The University of Richmond Entrepreneurship Club hosted the New Dominion Angels' monthly meeting Monday night at the Robins School of Business.
Remo Kommnick, president of the entrepreneurship club, invited New Dominion Angels to network with students and hold its conference on campus.
"It's a great opportunity to give to students in terms of real life experience with entrepreneurship finances," Kommnick said. "It's a type of exposure that you wouldn't get in class."
New Dominion Angels is an angel investment group of approximately 35 people who meet in northern Virginia and Richmond. Angel investors are individuals or groups of people who hear presentations from early stage companies seeking capital to get their businesses off the ground or grow their businesses, said Frank Ball and Mike McGinley, New Dominion Angels managing partners.
"When [businesses] aren't quite ready for the big-time venture guys, there is a category called angel investors who step in," Ball said, "because they say, 'Only an angel would give you money' in the early stages."
McGinley said they helped deserving young businesses find access to funds. One distinctive feature of this group is its exclusive focus on the state of Virginia. Although many groups focus on specific industries, New Dominion Angels focuses on geography, Ball said.
"That's why we jokingly call ourselves New Dominion Angels," he said. "With relatively few exceptions, the companies that present are Virginia based."

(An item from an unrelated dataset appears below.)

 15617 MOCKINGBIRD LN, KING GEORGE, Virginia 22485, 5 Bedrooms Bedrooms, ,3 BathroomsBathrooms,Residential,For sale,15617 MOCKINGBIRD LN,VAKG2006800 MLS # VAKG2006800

Students listened to real business pitches by two start-up companies, EntoGenetics and Driveway 2 Driveway, and even participated in scoring the presentations.

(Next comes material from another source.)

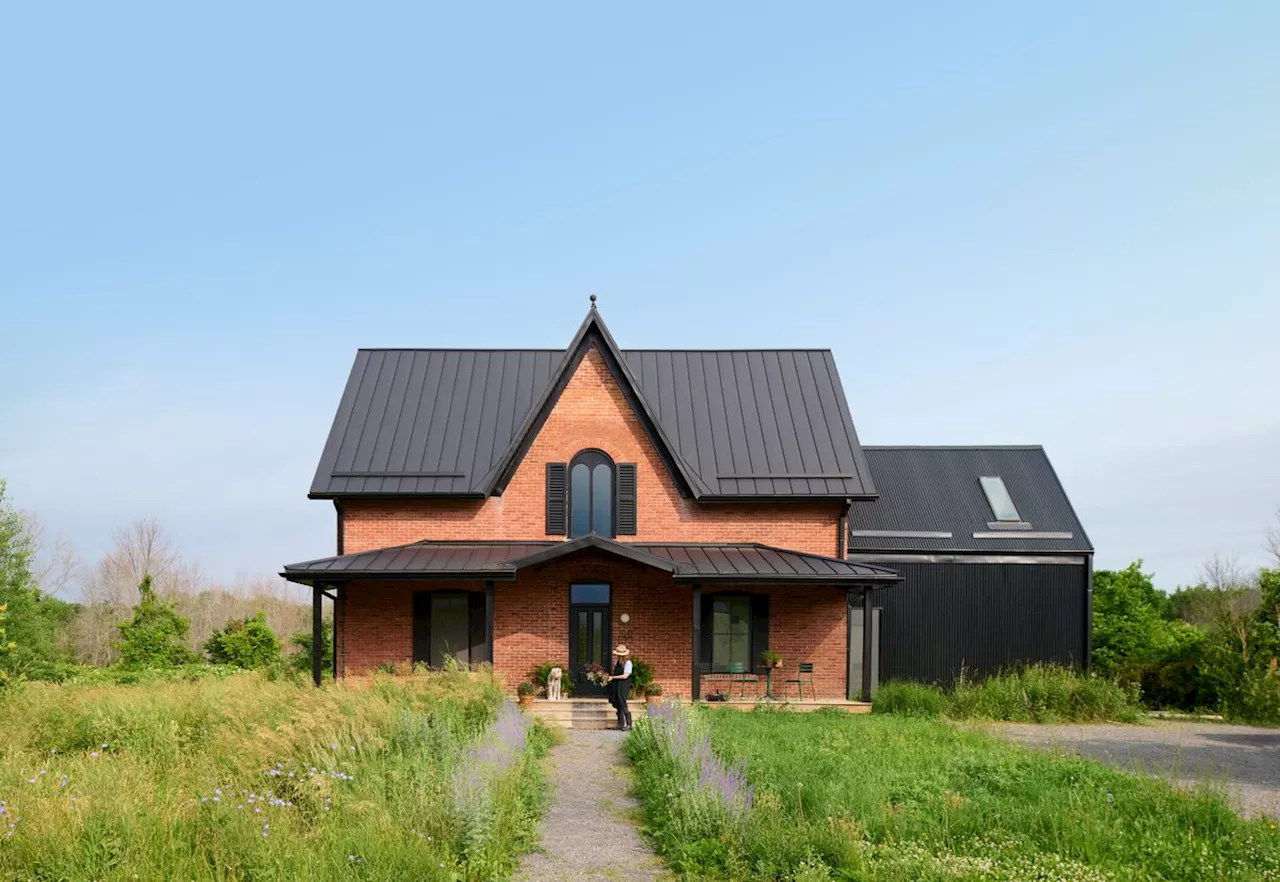 An 1875 farmhouse with 21st-century attitude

"You're dealing with real money," Kommnick said. "You're dealing with real people. These are real decisions and these are decisions that can have a huge impact on a business. The fact that they took our scores in the end and averaged our scores with everyone else's scores kind of made us feel like we had an influence on the business decision."
Hosting the presentation is a helpful learning experience that the club was excited to be taking part in, said freshman Ryan Dickerson, an entrepreneurship club membership chairman.
"The main problem a lot of young entrepreneurs have is finding out how are you going to finance your great ideas," Dickerson said. "Even if you materialize them and have a product, where are you going to go to get the money? So this is really the key stage in actually becoming an entrepreneur and succeeding."